I know I can write
if (int a = 1; /* whatever */) {}
and even
if (int a = 1, b{3}; /* whatever */) {}
but how can I declare, say, a of type int and b of type std::string?
Such a thing doesn't work:
if (auto a = 1, b{"ciaos"s}; /* whatever */) {}
I've not included a standard, because I'm interested in the answer in general, even though realistically I'd make use of the answer in the context of c++17.
And, if such a thing is not possible, is there any precise reason why (hence language-lawyer)?
You are only allowed one variable declaration statement in a if statement and each variable declaration statement can only declare a single type.

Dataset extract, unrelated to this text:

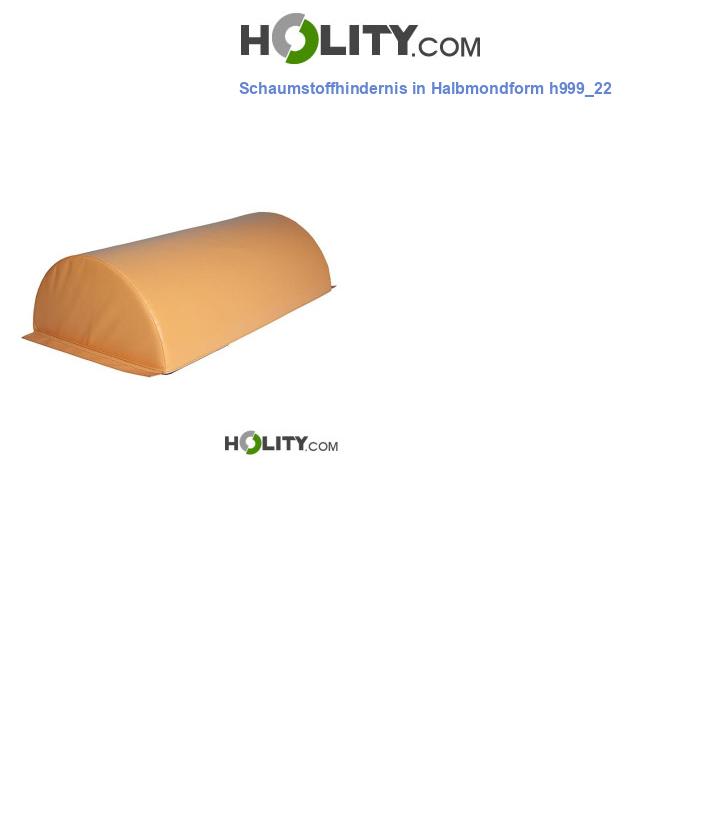 Schaumstoffhindernis in Halbmondform h999_22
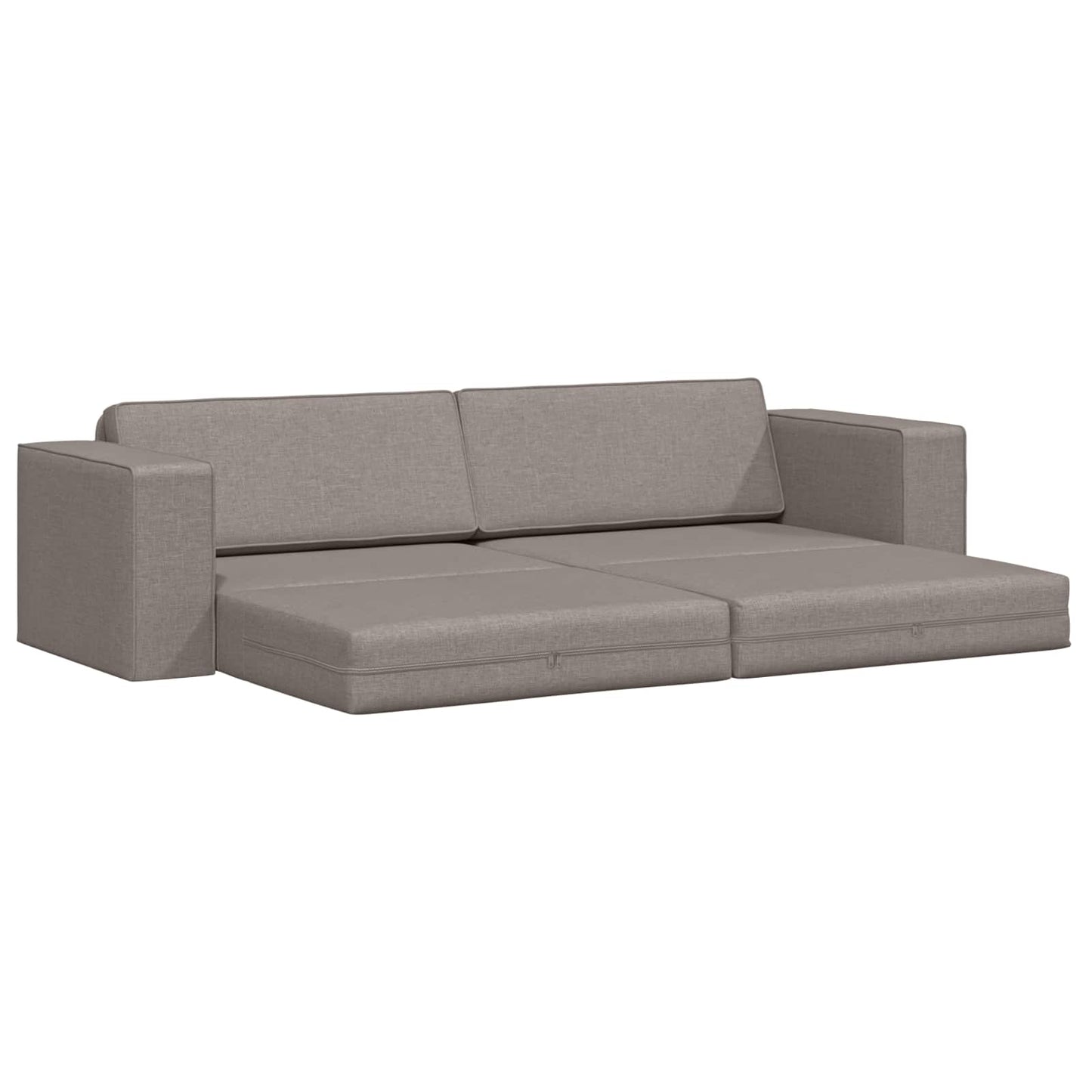 vidaXL Κρεβάτι καναπές Taupe 245 x 78 x 77 εκ. ύφασμα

This is convered in [stmt.if]/3 where is shows the grammar for the if statement you are trying to use is
if constexpr(opt) ( init-statement condition ) statement
and init-statement can be a simple-declaration and that contains a init-declarator-list which only allows a single declarator. Normally this means just a single type, but pointers (*) and references (&) get applied to the variable name, not the type name so you can have T, T*, and/or T& variables declared in a single init-declarator-list i.e., int a = 42, *b = &a, &c = a;
As a workaround, you can leverage structured bindings and CTAD (to reduce verbosity) in conjunction with std::tuple to get a syntax like
int main()
{
using namespace std::string_literals;
if (auto [a, b] = std::tuple{42, "string"s}; a)
{
std::cout << b;
}
}
which outputs
string